Fragments of an Untold Story Born by Shunning the Opportunity is the debut from Philadelphia hardcore band This Day Forward.  It was recorded before Vadim Taver joined the band.

Track listing
 Kissing Perfections Cheek (3:03)
 Dead Acres (4:21) 
 Arise (2:50) 
 Kill the Script (5:05)
 I Repent (2:40) 
 Significant Others (3:39)
 Avarice (3:40)
 Lost Eyes (2:56)
 If I Wore a Mask (4:32) 
 Ripple Effect (5:12)

Facts
 The album's title derives from a lyric in "If I Wore a Mask".

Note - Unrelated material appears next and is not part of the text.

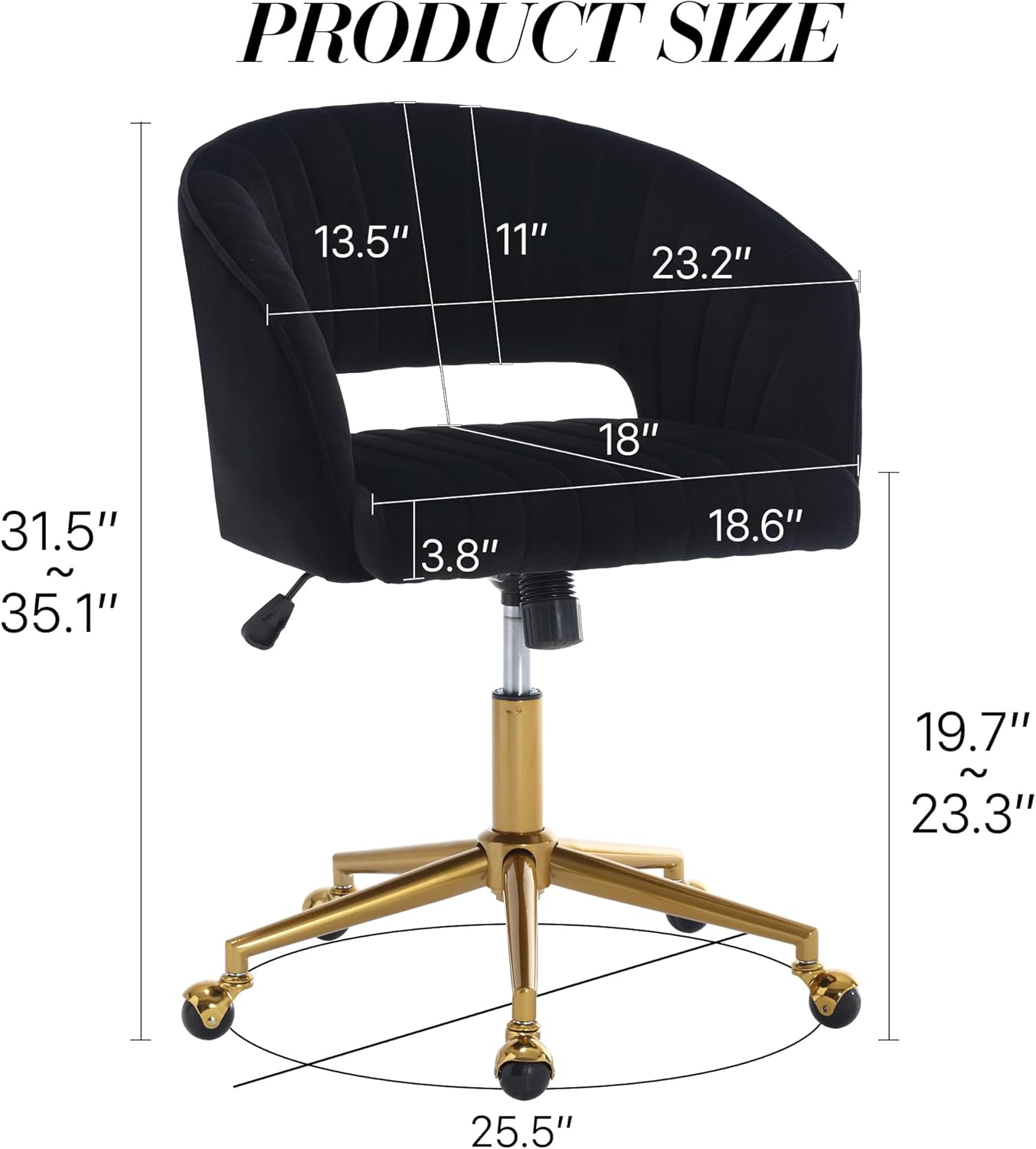 Silla de oficina en casa, silla giratoria de terciopelo para escritorio, sillón tapizado moderno con base dorada para niñas y mujeres, asiento de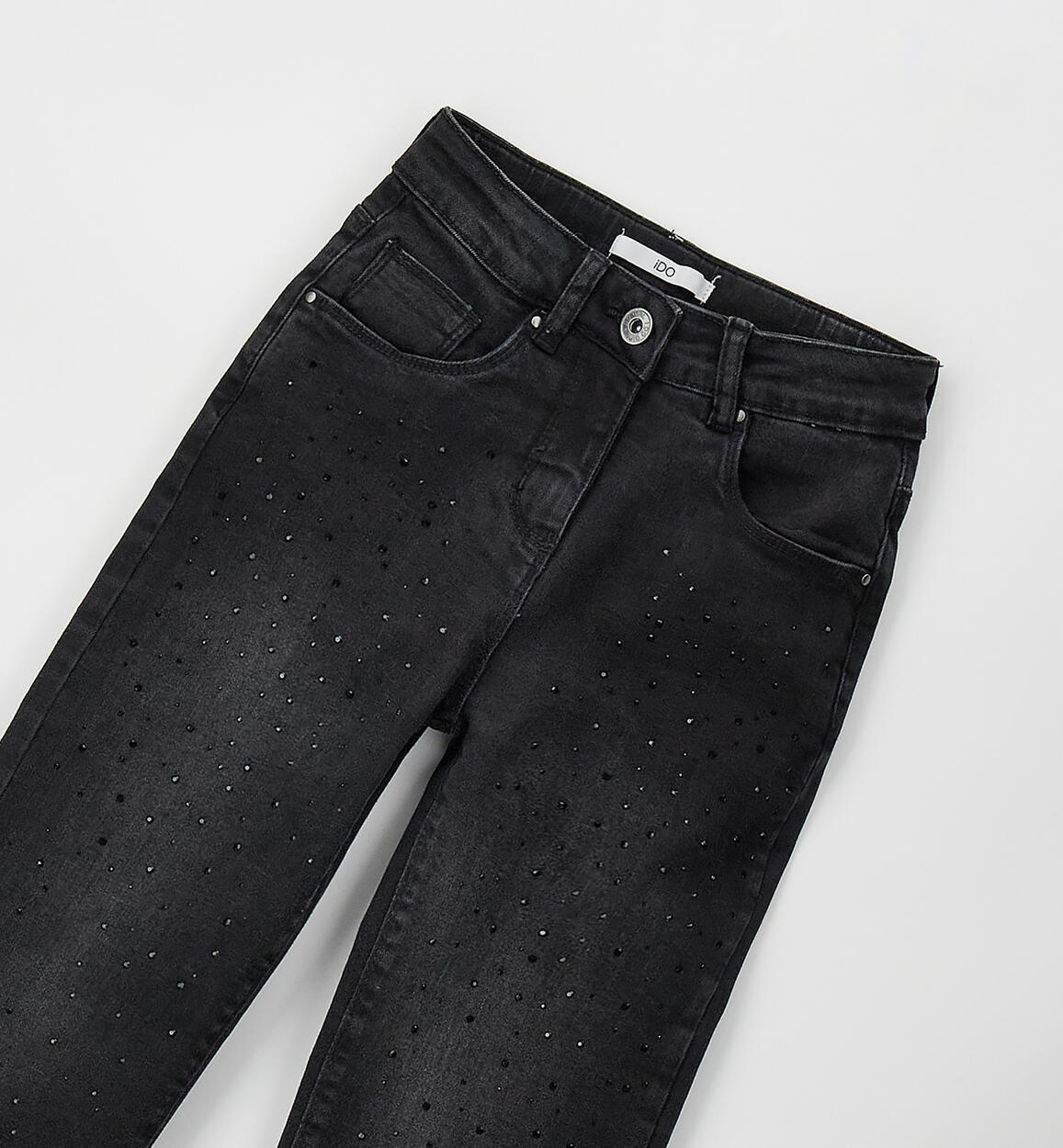 Jeans iDO Nero Lavato con Strass Applicati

"Kissing Perfection's Cheek", "If I Wore a Mask" and "Significant Others" were re-recorded later for their follow-up album, The Transient Effects of Light on Water.
 The band re-released the album on Eulogy Recordings after originally releasing it on Break Even Records. The band thought it was a good decision at the moment but ended up regretting it because they "all hate that record." The reasoning behind this, says guitarist Vadim Taver in an interview with silentstagnation.de "Because those songs were written 4-5 years ago. The kind of music it is, is not what the band is feeling right now. We're not a mosh-metalcore band anymore. That's what we were in high school. Most of those songs are horribly written."